* [Action item] Please repeat only the lines below starting at the line that holds "Viko Meridian Beyaz USB Şarj Prizi 5V-2A" and ending at the line that holds "Men’s White Horsebit", exactly, with both of those lines included and every picture omitted.

* [Information provided]
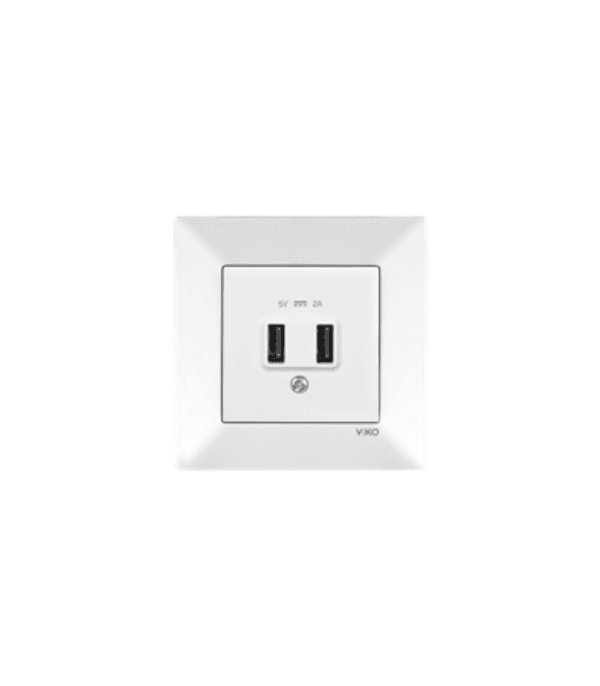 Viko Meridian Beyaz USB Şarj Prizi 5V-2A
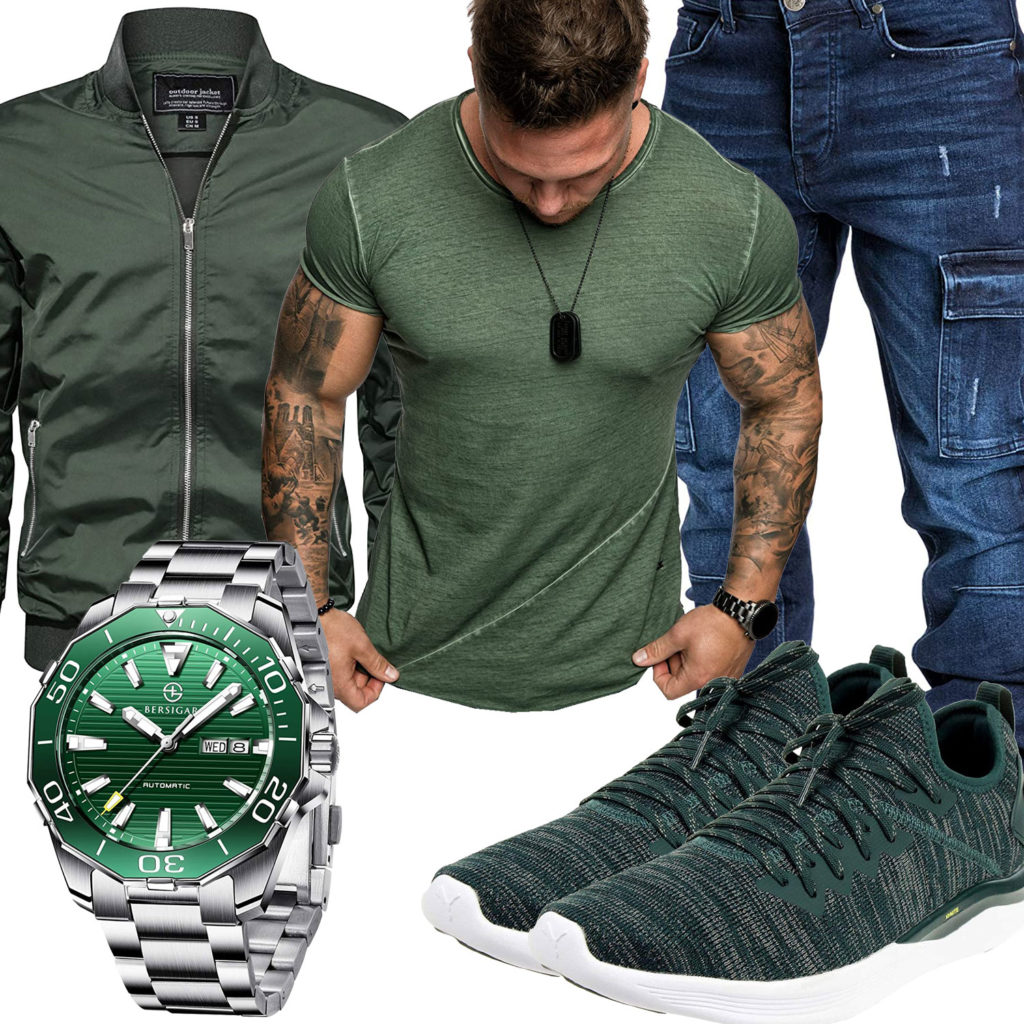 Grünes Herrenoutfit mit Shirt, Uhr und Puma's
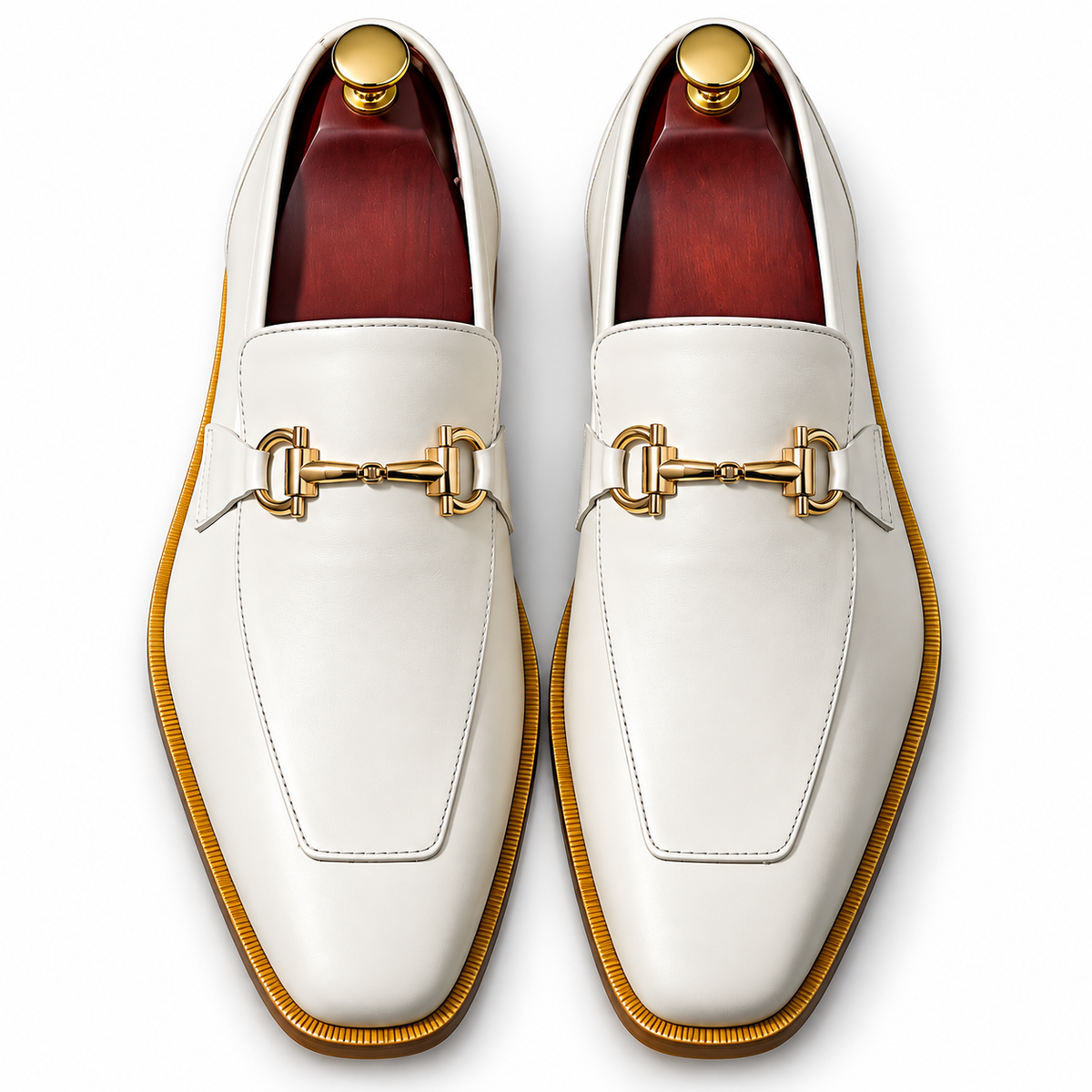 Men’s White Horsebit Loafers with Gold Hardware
==
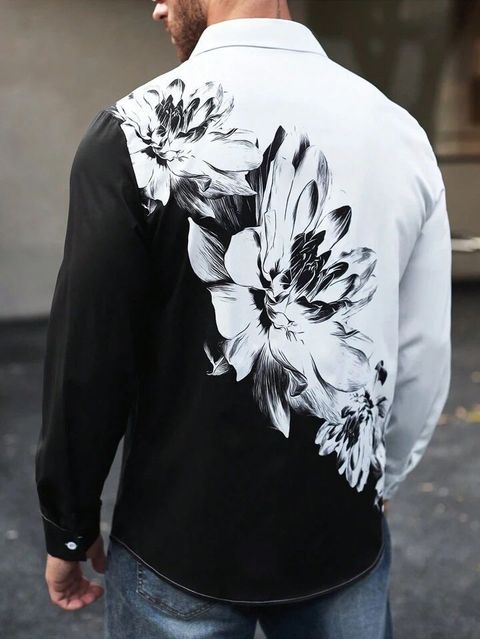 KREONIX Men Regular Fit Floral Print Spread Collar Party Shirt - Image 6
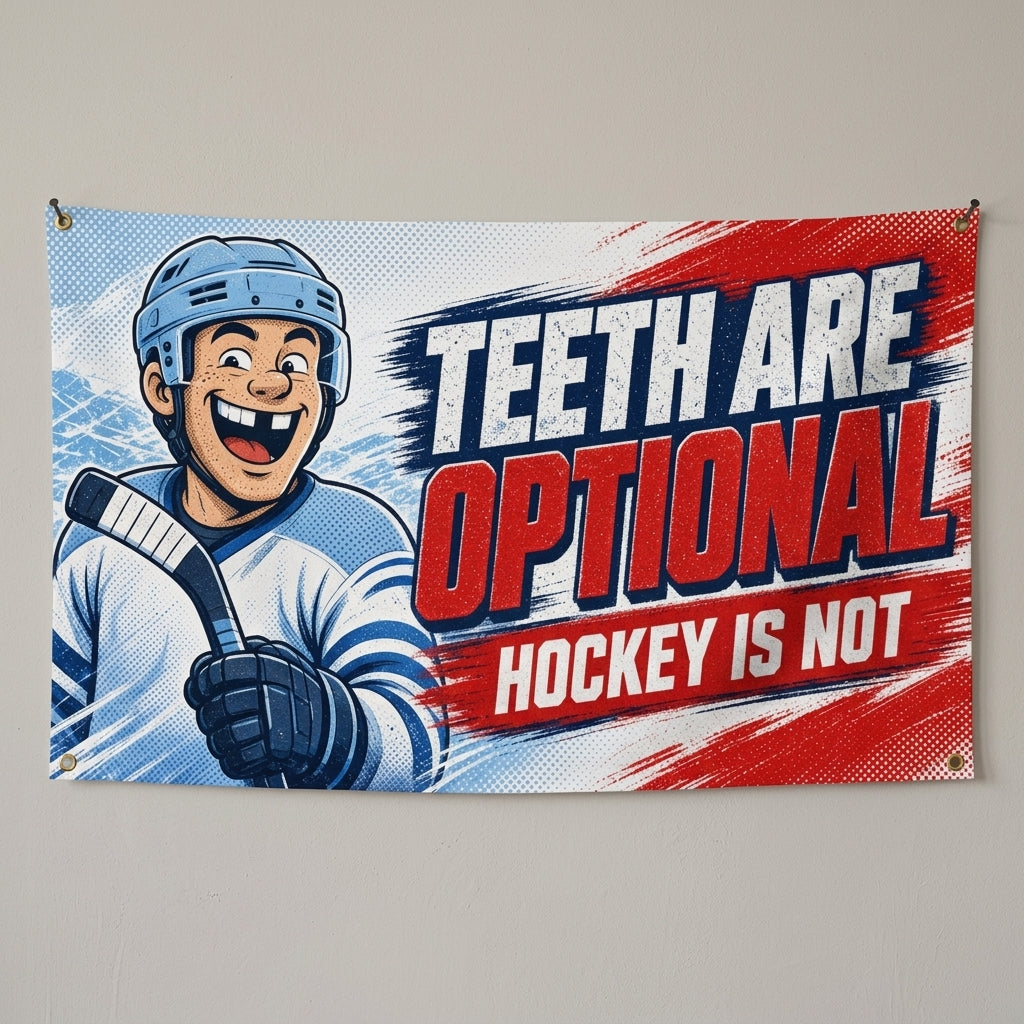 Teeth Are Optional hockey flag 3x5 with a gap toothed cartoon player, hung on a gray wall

* [Response box]
 Viko Meridian Beyaz USB Şarj Prizi 5V-2A
 Grünes Herrenoutfit mit Shirt, Uhr und Puma's
 Men’s White Horsebit Loafers with Gold Hardware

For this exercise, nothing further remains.